UPDATE – This poundcake recipe has been such a huge hit on Pinterest that I decided to post it again! This is undeniably one of the best cakes I have ever made! Enjoy.
Boy do I have a delicious recipe to add to your wheelhouse! This moist vanilla almond pound cake recipe is perfection. This cake does not even need icing- that is how good it is!
For this recipe I used Nielsen-Massey Vanilla Extract and Almond Extract. Excellent ingredients make extraordinary cakes.
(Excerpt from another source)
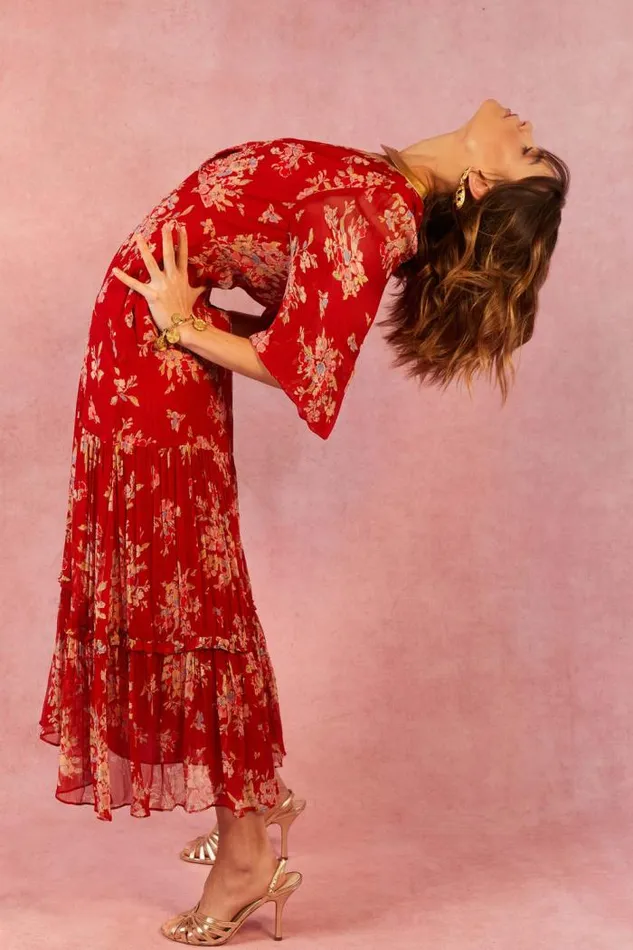Rixo Dresses Women Elsie Chiffon Midi Dress Bouquet Floral Merlot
I have found that The Nielsen-Massey Company provides top-notch products and therefore my baked goods come out great!
- 2 sticks unsalted butter, room temperature
- ½ cup shortening, room temperature
- 3 cups granulated sugar
- 2 tsp Vanilla Extract
- 2 tsp Almond Extract
- 5 eggs (room temperature
- 1 tsp Baking Powder
- 1 tsp Salt
- 3 cups flour
- 1-1/4 cup milk
- Grease a 10-inch tube pan (angel food cake pan) and set aside
- Preheat oven to 350 degrees
- In an electric mixer with the paddle attachment, cream the shortening and butter together until well combined.
- Add the sugar and cream for about 5-7 minutes. (mixture will double in size and be a pale yellow color) **Important do not scrimp on time on this step.
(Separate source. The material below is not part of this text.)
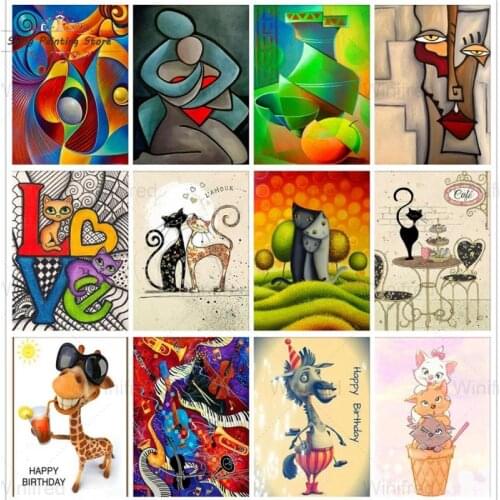 DIY Full Diamond Embroidery Kit Abstract Color Pattern Art Animal 5D Diamond Painting Mosaic Handmade Painting Gift Home Decor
- Add vanilla and almond extracts and combine.
- Add eggs one at a time and incorporate each into mixture before adding the next.
- Add salt and baking powder and combine.
- Add the flour and milk, alternating back and forth until mixture is thick and fully combined well.
- Pour into waiting pan.
- Bake for 75 minutes.
- Let cool completely before taking out of pan.